「ロックダウンは必要ない?」客観的な分析による施策がもたらすもの
ニューズウィーク日本版によると、欧州30カ国を対象に、ソーシャル・ディスタンスシングに基づく施策が新型コロナウィルス感染症の感染者数や死亡者数の減少にもたらす効果について分析したところ、「ロックダウンは必要なく外出禁止は感染抑制と相関がない」ということが分かったという。
詳しい内容はニュースをご参照いただきたいが、ごく簡単に言えば、感染拡大の抑制に効果があったのは休校や大規模集会の禁止、一部のサービス業の営業停止であった一方、外出禁止や生活必需品を扱う店舗以外の営業停止は顕著な効果が認められなかったというのである。
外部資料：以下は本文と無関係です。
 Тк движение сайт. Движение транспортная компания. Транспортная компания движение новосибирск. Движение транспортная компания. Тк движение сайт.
この分析結果から、政策への2つのメッセージを考えてみることにしたい。
まず、個々の取り組みごとに成果が違うということが客観的に明らかになったことは、大きな意味がある。出口戦略の必要性が叫ばれているなかで、何を緩め、何を維持するかを検討しなければならない。「新しい生活様式」なども、そうした考えから出ているのであろう。客観的な分析を根拠にすることで、どの部分を緩和しても第2波の到来を防ぐ(遅らせる)ことができるのかが明確になり、より有効な政策を打つことができるだろう。
一方、もう1つの重要なメッセージとしては、「皆が自粛しなければならないわけではない」ということが分かったことである。例えば、パチンコ店が自粛要請にもかかわらず店を開けていたことに対して自治体や住民から批判が強まっている。自己中心的な意見もあるが、お客さんや店員さんから「三密を避けるなど十分な対策が行われている。なぜパチンコ店だけが悪者になるのか」などという意見も出ている。こうした意見に対する我々の感覚としては、「皆が国全体のため生活維持に必要最小限の外出で我慢している時期に、自分の娯楽のために(=社会が犠牲になっても)パチンコを楽しむのが許せない」というものであろう。そうした心情は、私も理解できる。
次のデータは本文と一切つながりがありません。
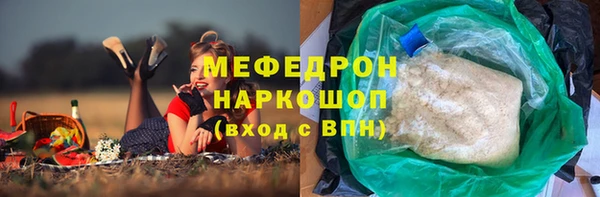 прущая мука Бугульма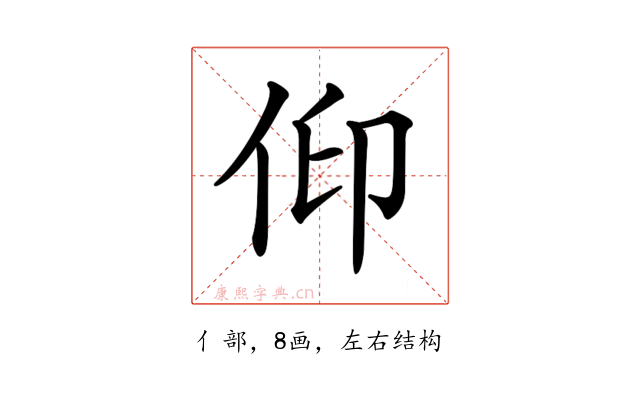𠈟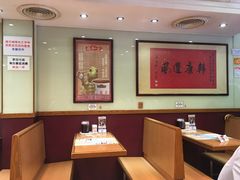 大堂-恭和堂 龟苓膏(铜锣湾店)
しかし、仮に「パチンコ店の自粛が感染抑制と相関がない」という分析が出たら、我々はどう反応するであろうか。パチンコのお客さんは「それ見たことか」となるかもしれないし、多くの国民は活動が制約されているなかで納得できない気持ちが残るかもしれない。つまり、データが出てくることで自粛が必要な部分とそうでない部分が明確に分けられれば、「皆が我慢しているから私も我慢する」という機運が崩れ、逆に「悪いことをしているわけではないのに、データで抑えられるのは納得できない」と先のパチンコ店のお客さんと同じような感覚を持つ人々も出てくるのではないだろうか。
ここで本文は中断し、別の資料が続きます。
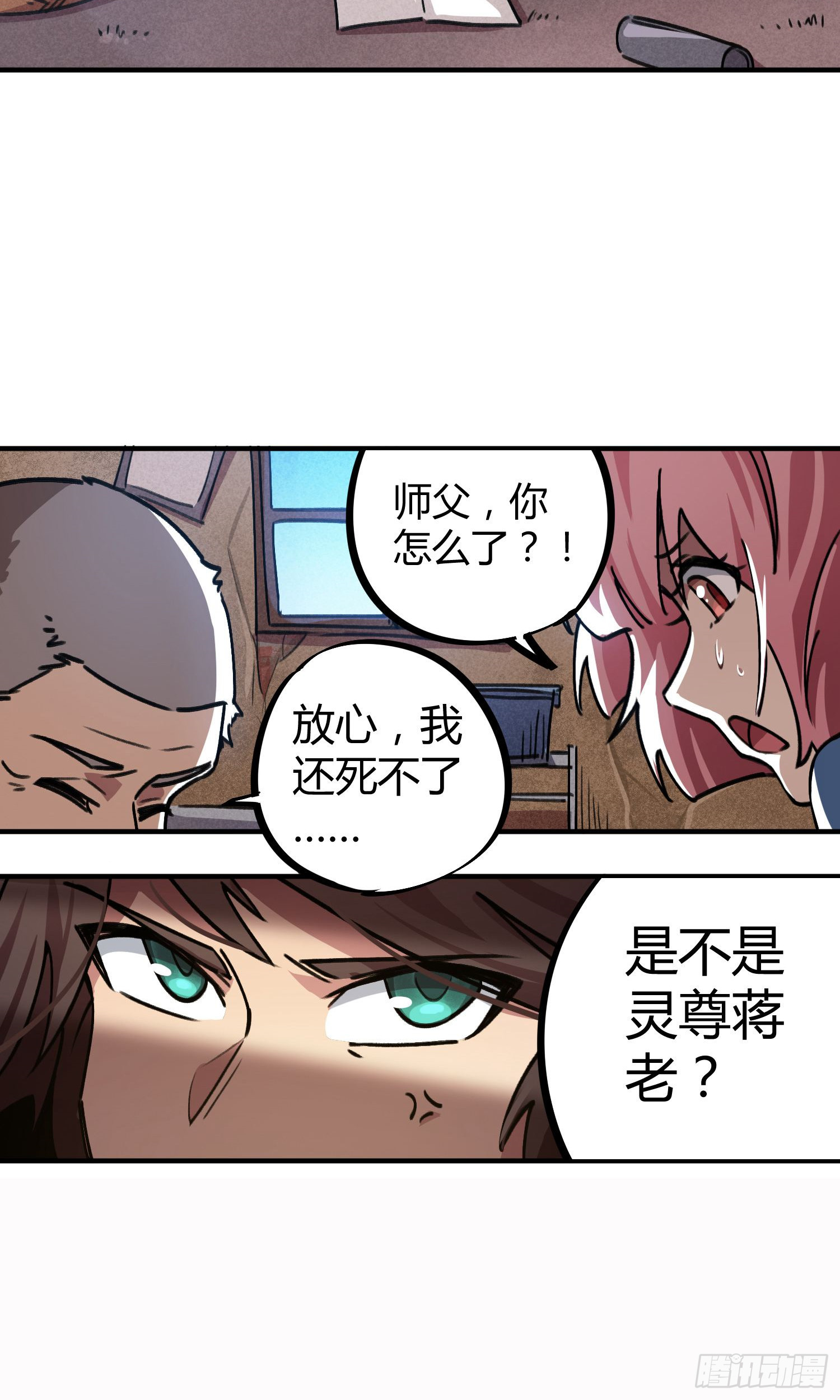 第41话-第39话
「『皆が我慢しているから私も我慢する』そうした同調圧力のような考え方は古い」という批判もあるし、私もそう思う部分はあるが、現実問題として客観的証拠が出てくるからこそ差異が生じて不満に感じることは容易に想像できる。では、そういう状況にはどう対処すべきか。個人的には客観的なデータに基づいて有効な政策を重点的に行うことは必要だと考えている。そして、仮に我慢を強いられる側に回った場合には、補償や支援などの対象として検討すべきであるし、活動に制約をかけることに敬意を表する必要がある。